A BSmart, Soumier et Fraidenraich ont reproduit ce modèle qui plaît beaucoup aux annonceurs. Le 4 juillet, lorsque Stéphane Soumier anime une «émission spéciale» sur «les défis de l'assurance face à la crise du Covid-19», parrainée par l'assureur Generali, l'animateur mentionne bien le «partenariat» - rapidement - au début du programme. Mais le mélange des genres va plus loin. Car le grand invité de l'émission est Jean-Laurent Granier, patron de… Generali France. «Merci pour l'invitation, merci d'ouvrir ce débat car ce débat mérite d'avoir lieu, dit ce dernier en ouverture du programme. Pendant cette période de confinement, on a entendu beaucoup de choses sur le rôle des assureurs, parfois des contre-vérités qu'on avait du mal à contredire.» A la suite de la crise sanitaire, les assureurs ont été critiqués pour ne pas dédommager certaines victimes de la pandémie.

D'autres exemples propres à BSmart peuvent être cités. L'émission Smart rebond, présentée par Soumier, a pour partenaire l'entreprise de services informatiques créée par Jean-Michel Aulas, Cegid. Un cadre de Cegid la coanime avec la vedette de la chaîne. Idem pour Smart stratégie, dont le sponsor, Circle, une agence de conseil en stratégie, envoie son patron à côté de Soumier pour co-interviewer les invités.

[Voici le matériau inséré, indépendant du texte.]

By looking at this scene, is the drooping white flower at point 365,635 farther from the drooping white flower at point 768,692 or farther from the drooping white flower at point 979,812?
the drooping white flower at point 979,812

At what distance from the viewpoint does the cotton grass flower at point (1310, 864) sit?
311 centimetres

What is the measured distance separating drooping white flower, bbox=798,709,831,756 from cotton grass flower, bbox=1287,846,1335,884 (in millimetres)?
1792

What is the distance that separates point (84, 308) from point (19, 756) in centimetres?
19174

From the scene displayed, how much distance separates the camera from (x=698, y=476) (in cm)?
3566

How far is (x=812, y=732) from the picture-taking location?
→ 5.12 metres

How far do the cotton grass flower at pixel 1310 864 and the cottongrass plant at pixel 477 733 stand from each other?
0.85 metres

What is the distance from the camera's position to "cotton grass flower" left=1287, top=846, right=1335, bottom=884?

Quant à Smart job, dont le partenaire est la société Welcome to the Jungle, elle a pour chroniqueur le patron de celle-ci. Pour ce même programme, consacré au travail, la chaîne a proposé un contrat financier à la société Concilio, qui nous a été confirmé par l'agence de communication de cette start-up médicale. Pour 25 000 euros, elle s'est vu proposer de «parrainer» dix éditions de Smart job, avec un écran publicitaire au début et à la fin. Pour 50 000 euros, elle avait le droit à 24 éditions. En outre, il était prévu que Concilio puisse envoyer un de ses dirigeants, à titre «d'expert», dans quelques-unes de ces émissions.

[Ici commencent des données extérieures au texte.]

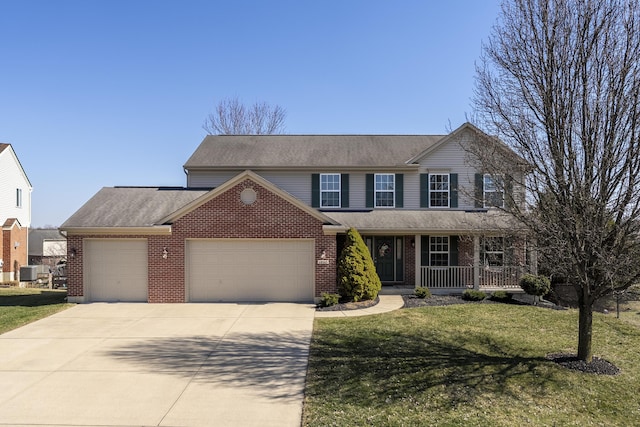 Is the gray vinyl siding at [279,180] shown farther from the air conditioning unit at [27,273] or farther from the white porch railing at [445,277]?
the air conditioning unit at [27,273]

Une grande partie du modèle de BSmart est là : des entreprises payent pour participer, sous forme d'interview ou de coanimation, aux contenus. Stéphane Soumier, habitué à titre personnel aux prestations rémunérées par les sociétés (des «ménages» dans le jargon), ne s'en est pas caché lors la conférence de lancement de BSmart le 9 juin : «Il va y avoir des partenariats avec un certain nombre de marques, donc du sponsoring de programmes assez classique. On va essayer de faire des émissions qui correspondent à ce que les marques veulent mettre en avant.»

Convention

Ces pratiques sont-elles légales ? La loi du 30 septembre 1986 relative à la liberté de communication, à laquelle sont soumises toutes les chaînes de télévision, dispose que «toute forme de publicité accessible par un service de communication audiovisuelle doit être clairement identifiée comme telle. Elle doit également permettre d'identifier la personne pour le compte de laquelle elle est réalisée.» Ce texte semble indiquer que l'Hebdo des PME version Soumier-Fraidenraich, ne rentrait pas dans les clous.

Sur les parrainages, BSmart s'engage, dans sa convention signée avec le CSA fin juin et disponible en ligne, à répondre aux exigences du décret n°92-280 du 27 mars 1992. L'article 18 dudit décret prévoit que le contenu ou la programmation des émissions «ne peuvent, en aucun cas, être influencés par le parrain dans des conditions susceptibles de porter atteinte à la responsabilité et à l'indépendance éditoriale de la société ou du service de télévision». Là encore, les pratiques de Soumier et Fraidenraich ne semblent pas compatibles avec les règles du CSA, notamment sur un point : les sponsors des émissions participent directement au contenu, en tant qu'invités ou coanimateurs.

Contacté par CheckNews, le CSA, qui ne se prononce pas sans avoir été saisi au préalable par un téléspectateur ou un éditeur, ne souhaite pour l'heure pas faire de commentaire à ce sujet. Egalement contactée, BSmart n'a pour l'instant pas répondu à nos sollicitations.